• What to produce: For each record, copy the text exactly and omit any picture it holds.

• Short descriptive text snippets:
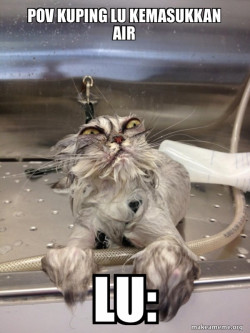 Cat Bath Returns
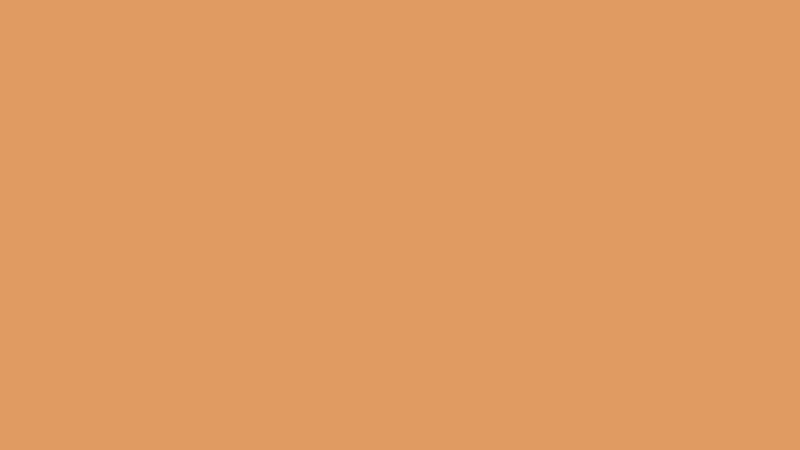#DF9B62 color image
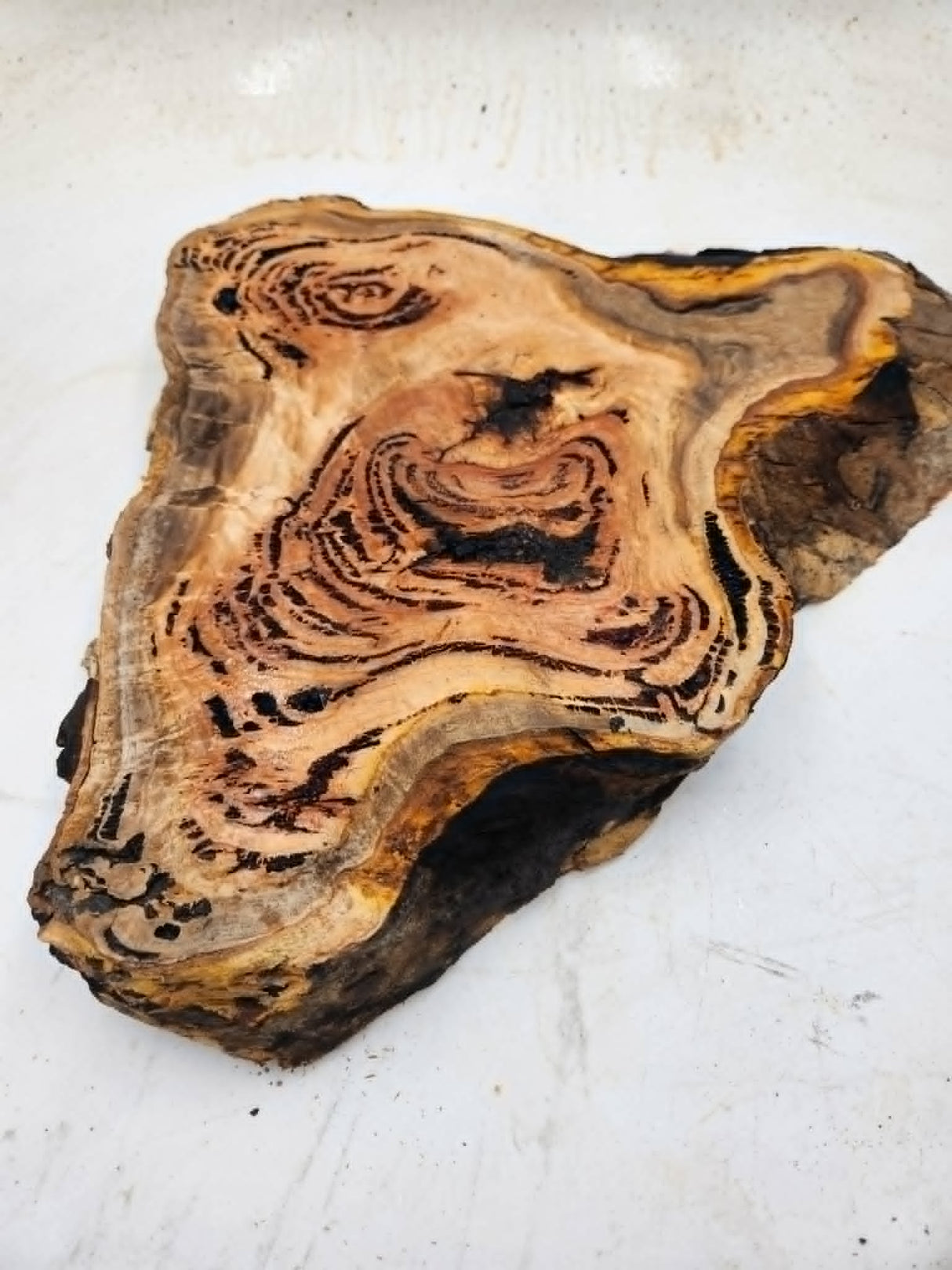 River Red Gum Burl Bowl Blank 450x340x55mm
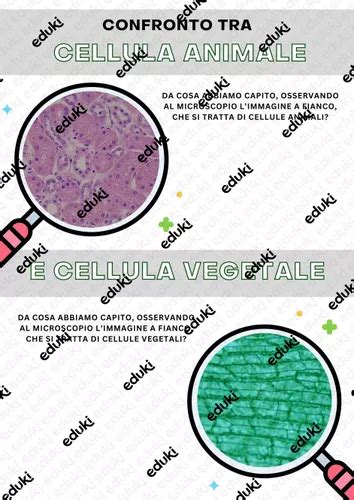 Confronto tra placenta animale e fito-placenta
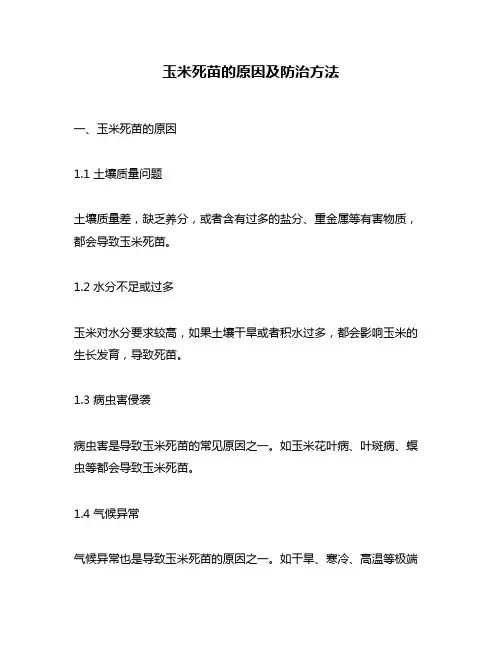 玉米死苗的原因及防治方法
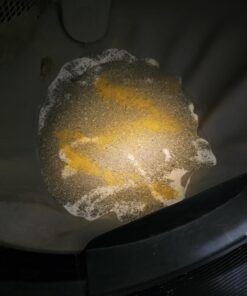 Dr. Elsey’s Premium Clumping Cat Litter - Ultra - 99.9% Dust-Free, Low Tracking, Hard Clumping, Superior Odor Control, Unscented & Natural Ingredients 29 71IS3ERLFVL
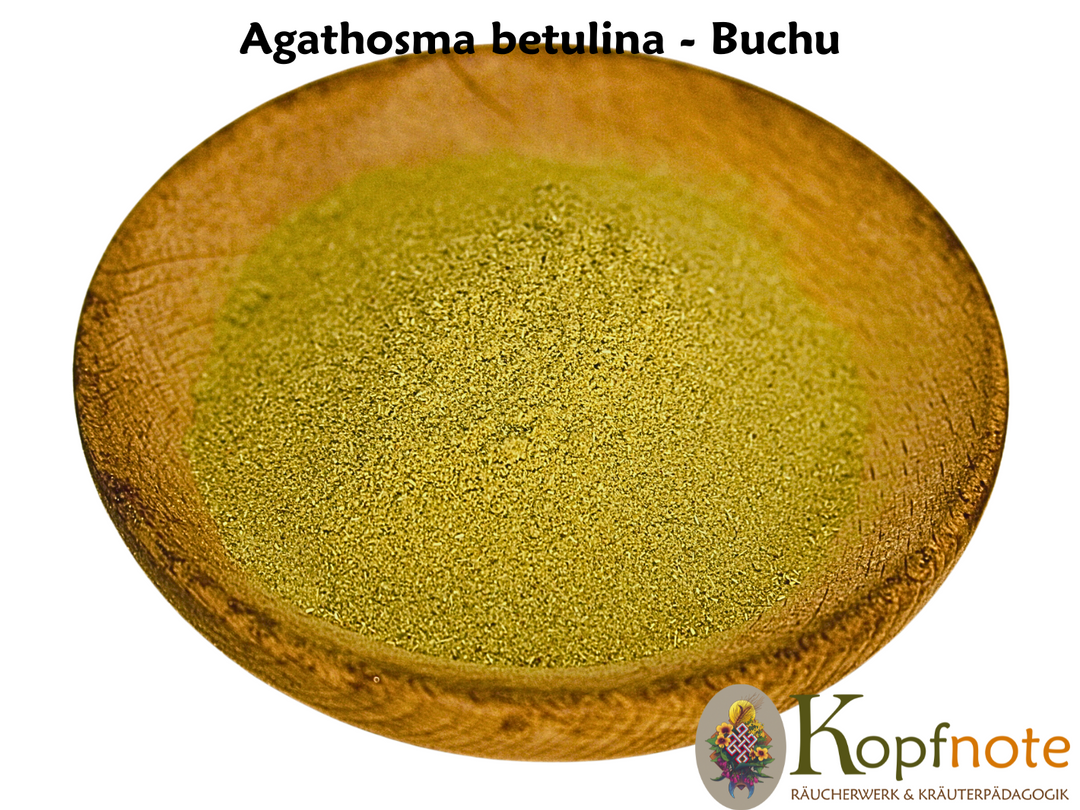 Buchu - Agathosma betulina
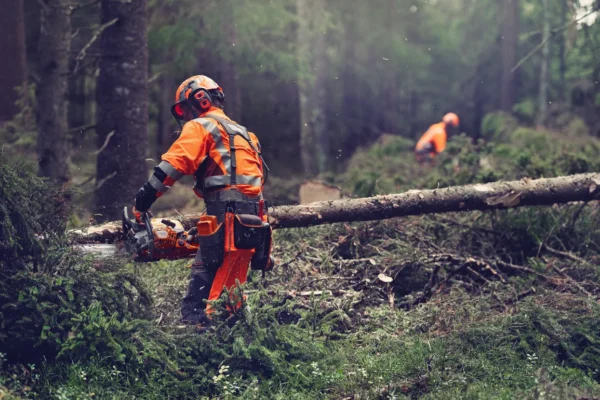 HUSQVARNA 564XP® G Fuel Inject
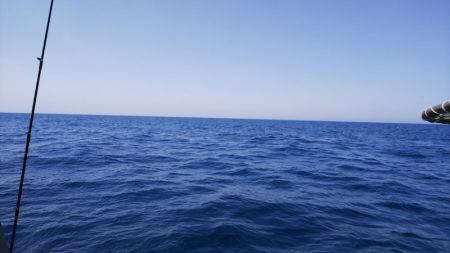 第二龍勢丸 釣果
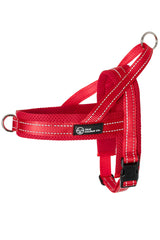 Red Dog Harness - The Storm
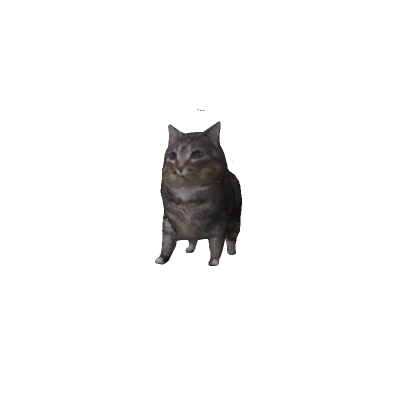 OIIA OIIA Cat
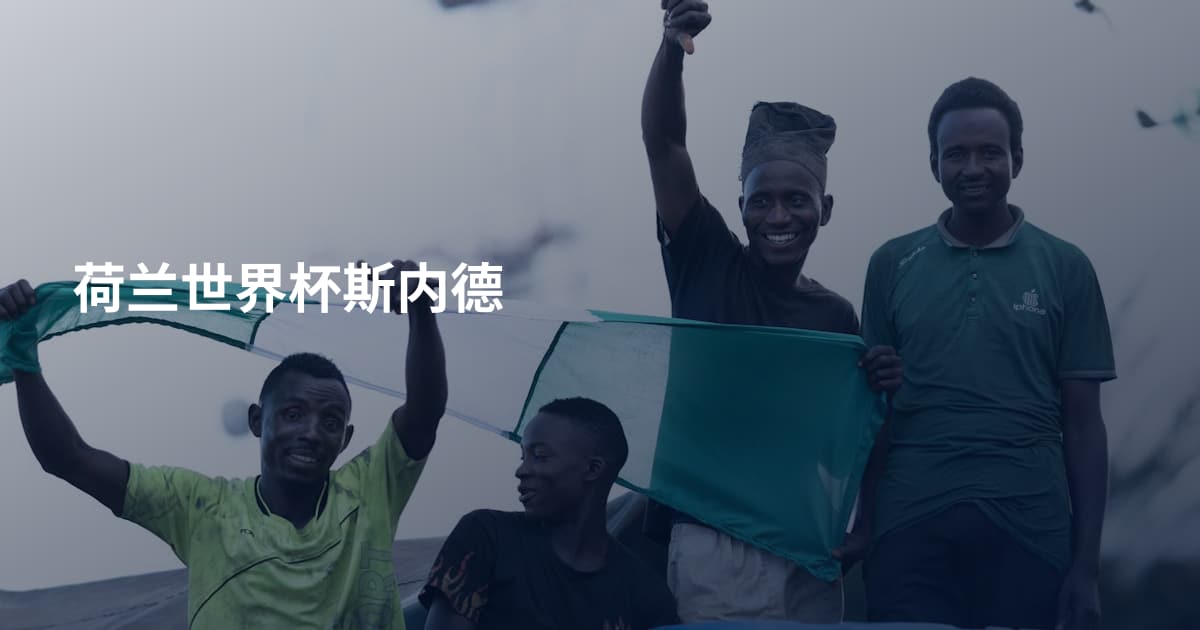 荷兰世界杯斯内德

• Response area:
 Cat Bath Returns
#DF9B62 color image
 River Red Gum Burl Bowl Blank 450x340x55mm
 Confronto tra placenta animale e fito-placenta
 玉米死苗的原因及防治方法
 Dr. Elsey’s Premium Clumping Cat Litter - Ultra - 99.9% Dust-Free, Low Tracking, Hard Clumping, Superior Odor Control, Unscented & Natural Ingredients 29 71IS3ERLFVL
 Buchu - Agathosma betulina
 HUSQVARNA 564XP® G Fuel Inject
 第二龍勢丸 釣果
 Red Dog Harness - The Storm
 OIIA OIIA Cat
 荷兰世界杯斯内德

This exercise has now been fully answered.